3.) Lead By Example: If you want your customers to turn on their cameras, it’s important that you do the same. Be sure to have your camera on during the call and be fully engaged. In our Growth Molecules Academy, we teach an entire class on this topic: “Leading Effective Business Meetings” and tips include having cameras on, notifications off, sitting in a well-lit atmosphere, where one’s head and shoulders are aptly centered in the camera’s frame. As a team, we practice the same protocols in our customer-facing calls as well. 

4.) Be Respectful: It’s important to respect your customers’ privacy and comfort levels. If they are not comfortable turning on their cameras, it’s important to accept their decision and not pressure them. You may leave your camera on, or kindly ask if it is okay for you to turn yours off as well. 

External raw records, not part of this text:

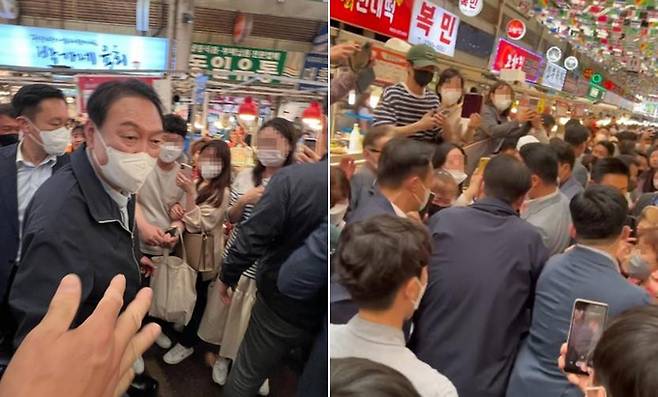 윤석열 대통령이 취임 후 첫 주말인 14일 서울 종로구 광장시장을 방문하고 있다. 대통령실은 윤 대통령이 부인 김건희 여사와 함께 광장시장을 찾아 빈대떡과 떡볶이 등을 포장 구매했다고 밝혔다.   연합뉴스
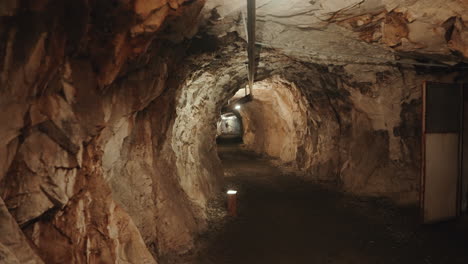 Slow-motion-panning-shot-of-underground-cold-war-tunnel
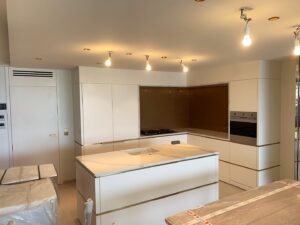 Cuisine moderne blanche avec îlot central en marbre, détails dorés et luminaires en cours d'installation.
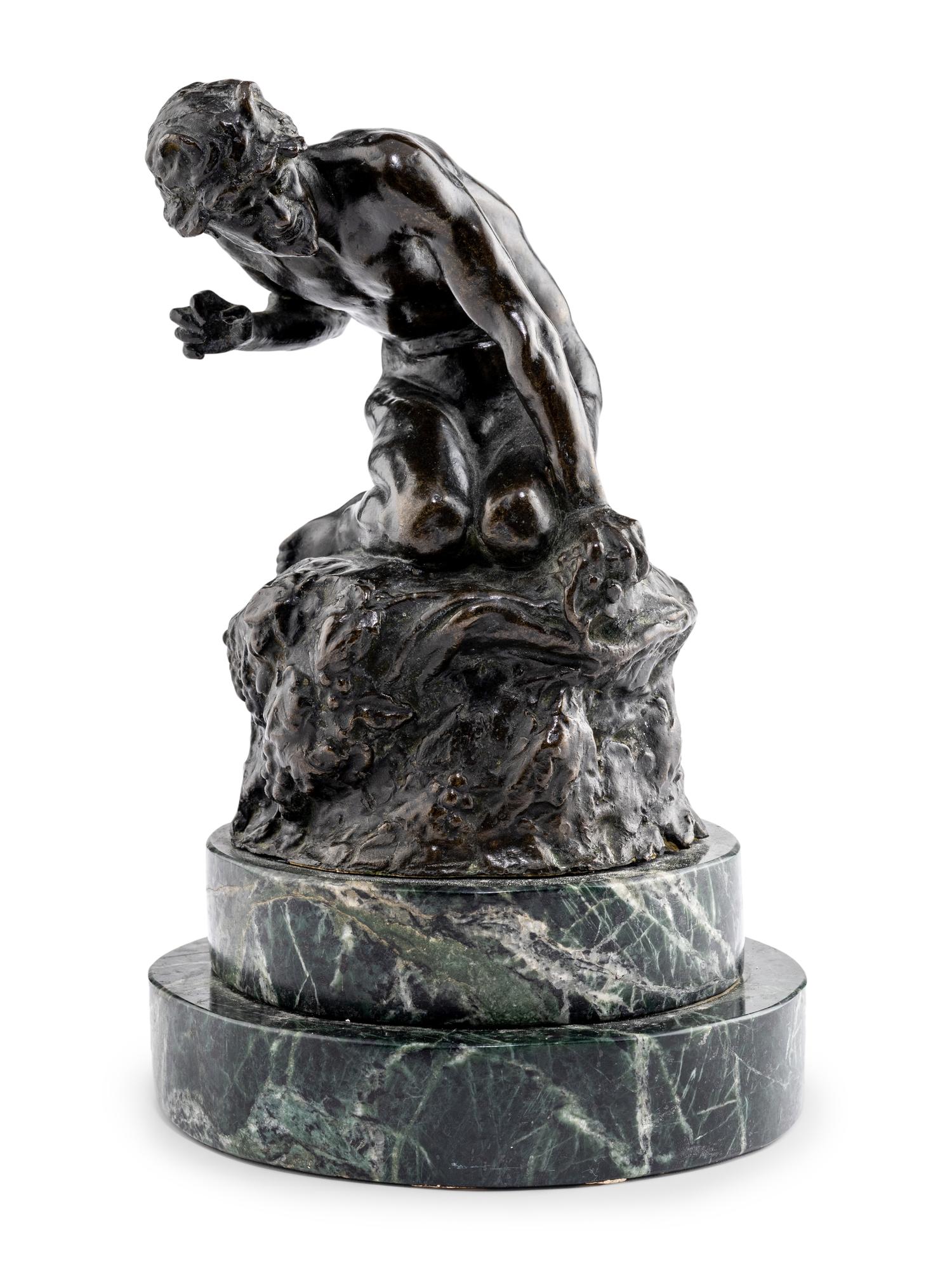 A Bronze Figure of Satyr on the Rocks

5.) Provide Technical Support: Some customers may be hesitant to turn on their cameras because they are not familiar with the technology. Providing technical support and guidance can help alleviate these concerns.

Overall, encouraging customers to turn on their cameras during video conferences requires a thoughtful and respectful approach that takes into account their needs and preferences. When done considerately, and then used consistently, customer bonds will be nurtured, often leading to lasting relationships which in turn, typically result in brand loyalty.